INSTRUCTIONS FOR THE TASK:
Look below for the line with "Sacred Songs and" and the line with "秋冬新款青少年潮流时尚连帽加棉加厚夹克韩版撞色保暖百搭夹克"; repeat exactly those two lines and all lines between them, but no pictures.

RECORD EXCERPTS:
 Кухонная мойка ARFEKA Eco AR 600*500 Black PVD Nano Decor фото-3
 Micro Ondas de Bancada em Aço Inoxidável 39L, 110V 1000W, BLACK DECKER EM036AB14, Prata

...

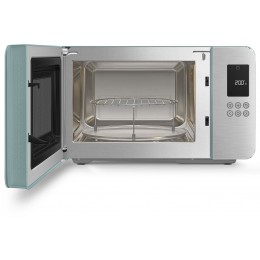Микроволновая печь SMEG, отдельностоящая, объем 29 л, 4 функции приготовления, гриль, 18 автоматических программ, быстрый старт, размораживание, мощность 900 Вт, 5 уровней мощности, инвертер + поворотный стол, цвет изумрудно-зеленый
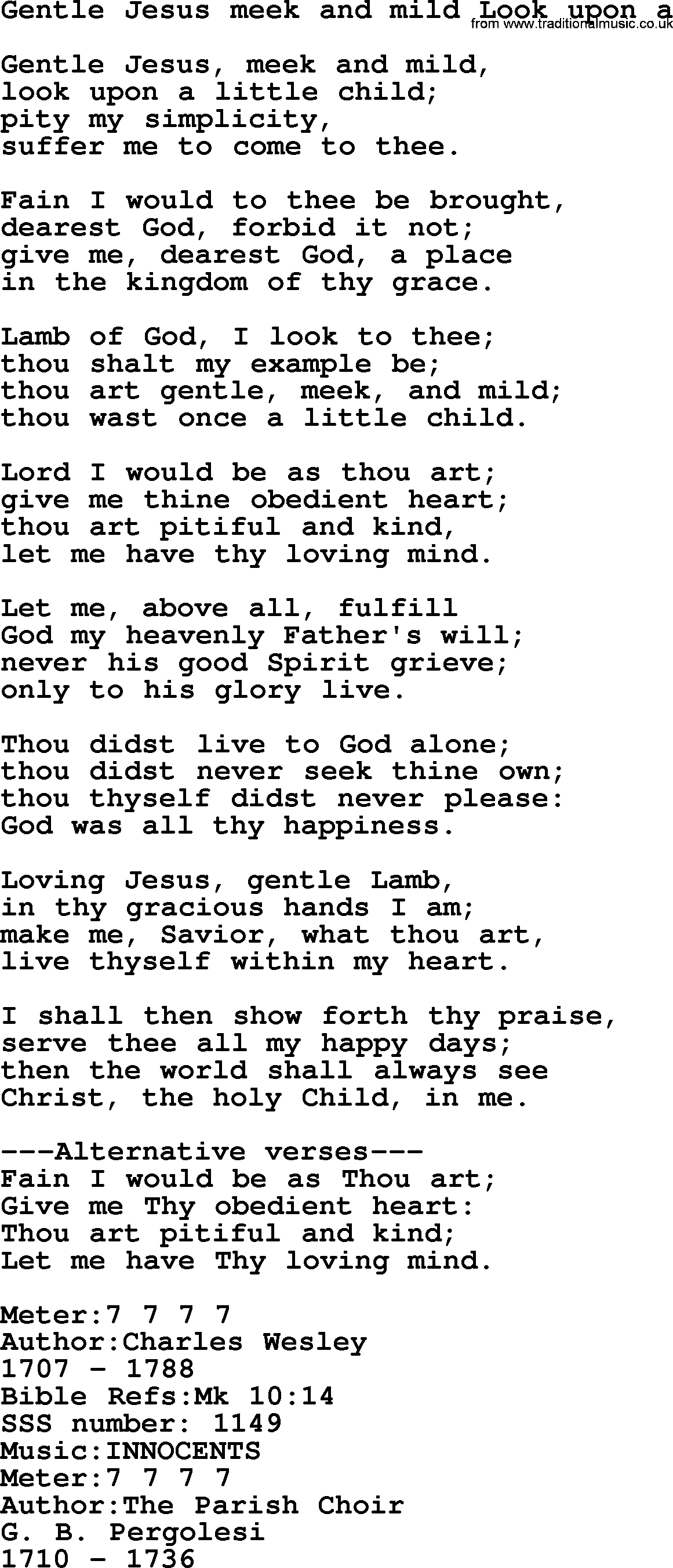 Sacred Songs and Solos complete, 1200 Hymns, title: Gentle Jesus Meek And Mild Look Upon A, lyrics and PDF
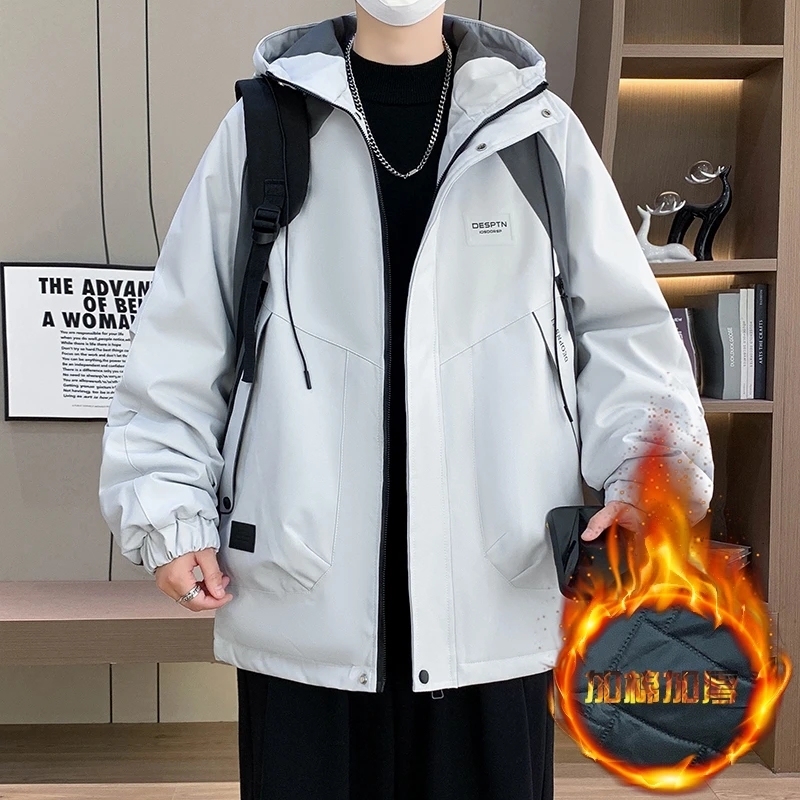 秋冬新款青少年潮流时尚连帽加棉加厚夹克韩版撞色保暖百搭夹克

==

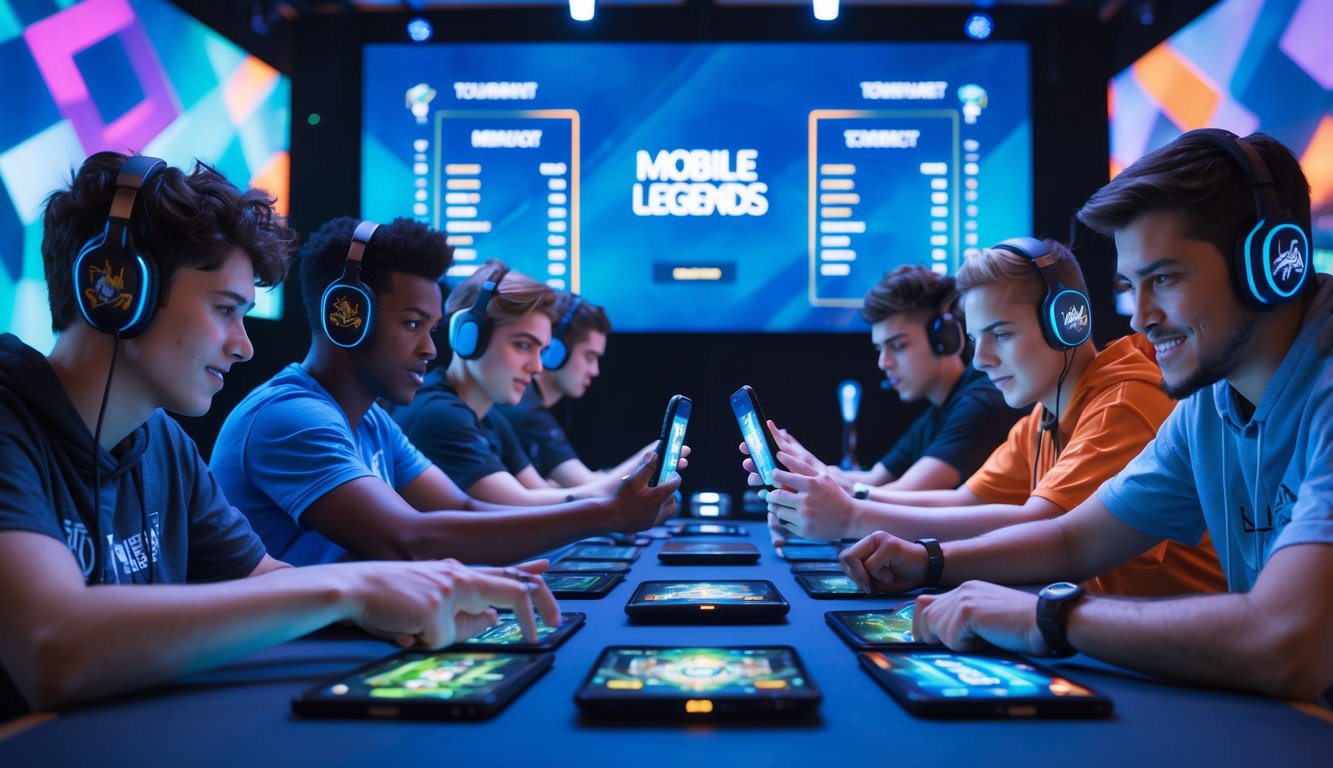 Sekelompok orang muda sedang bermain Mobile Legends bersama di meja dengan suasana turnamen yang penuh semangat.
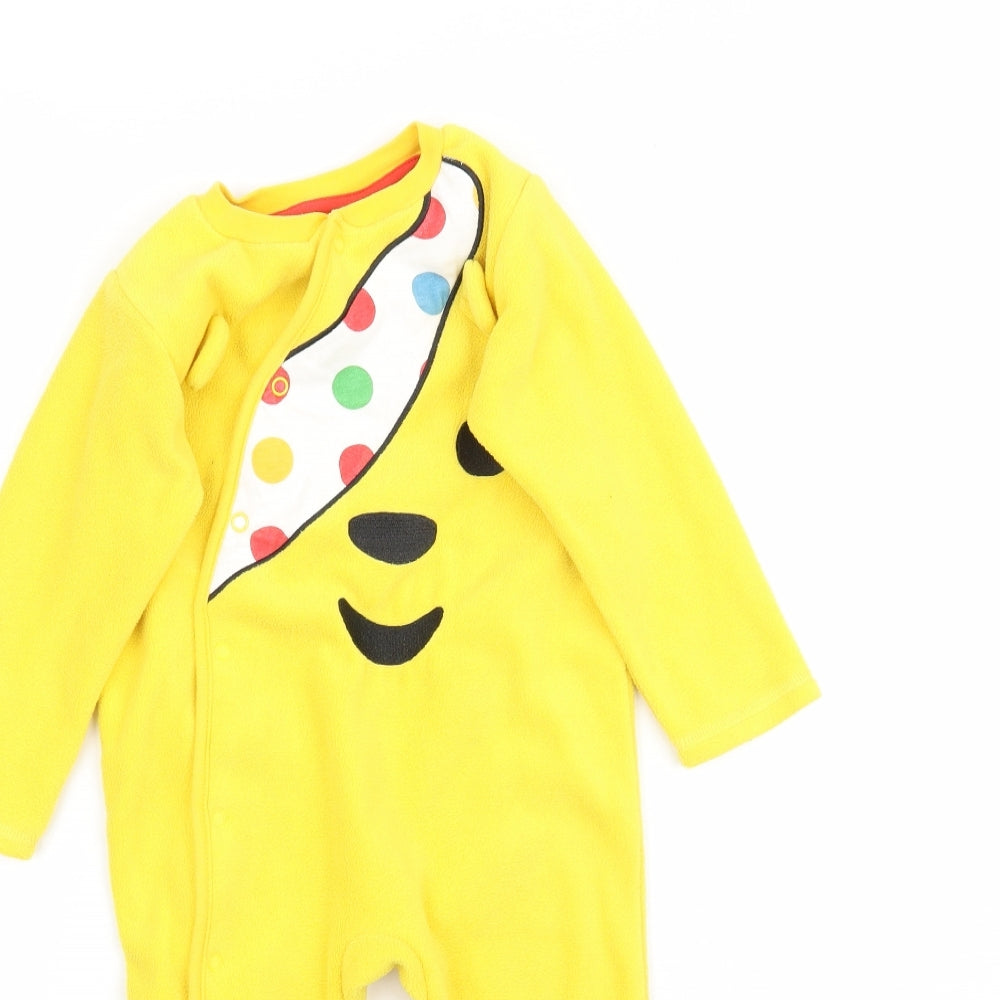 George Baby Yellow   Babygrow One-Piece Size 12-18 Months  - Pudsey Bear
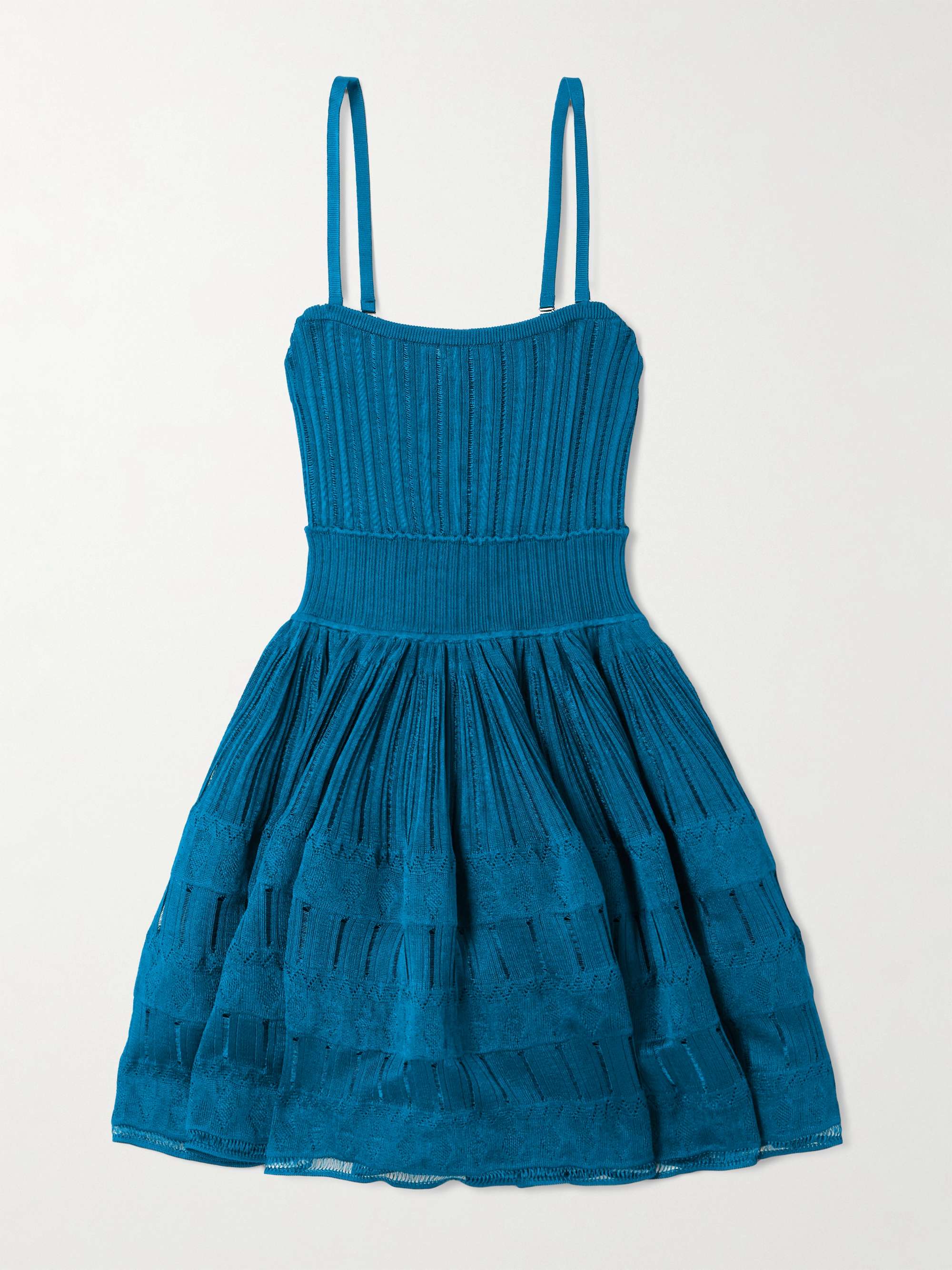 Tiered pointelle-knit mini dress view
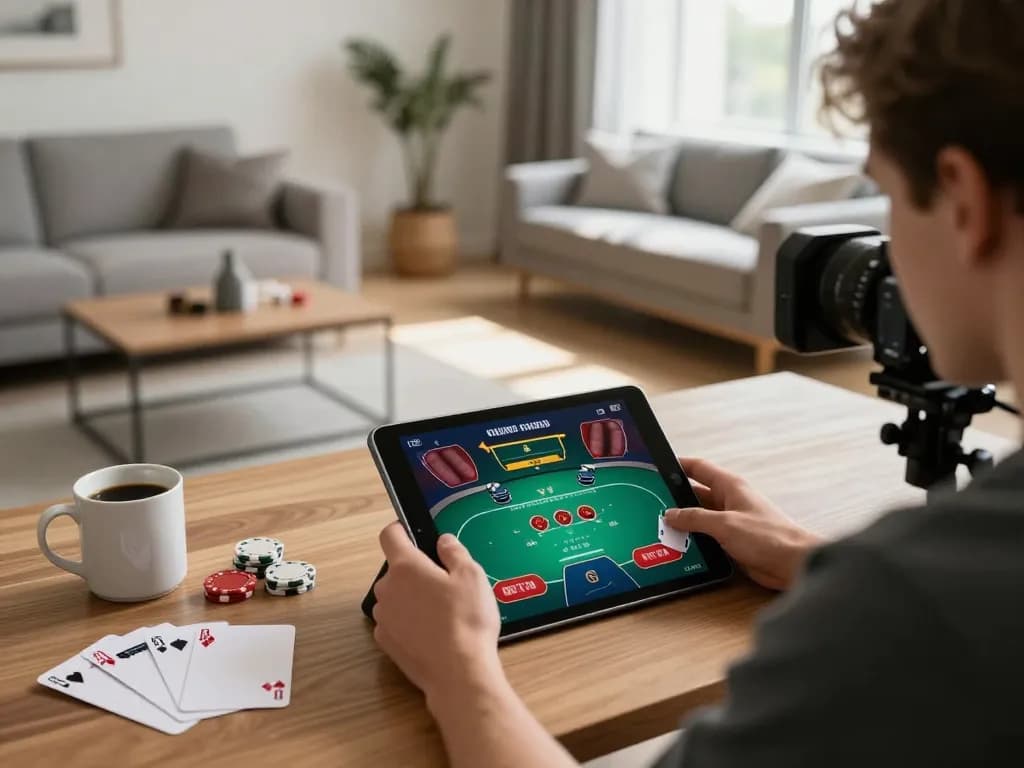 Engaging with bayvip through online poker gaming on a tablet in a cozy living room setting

REPLY TO THE EXERCISE:
 Sacred Songs and Solos complete, 1200 Hymns, title: Gentle Jesus Meek And Mild Look Upon A, lyrics and PDF
 秋冬新款青少年潮流时尚连帽加棉加厚夹克韩版撞色保暖百搭夹克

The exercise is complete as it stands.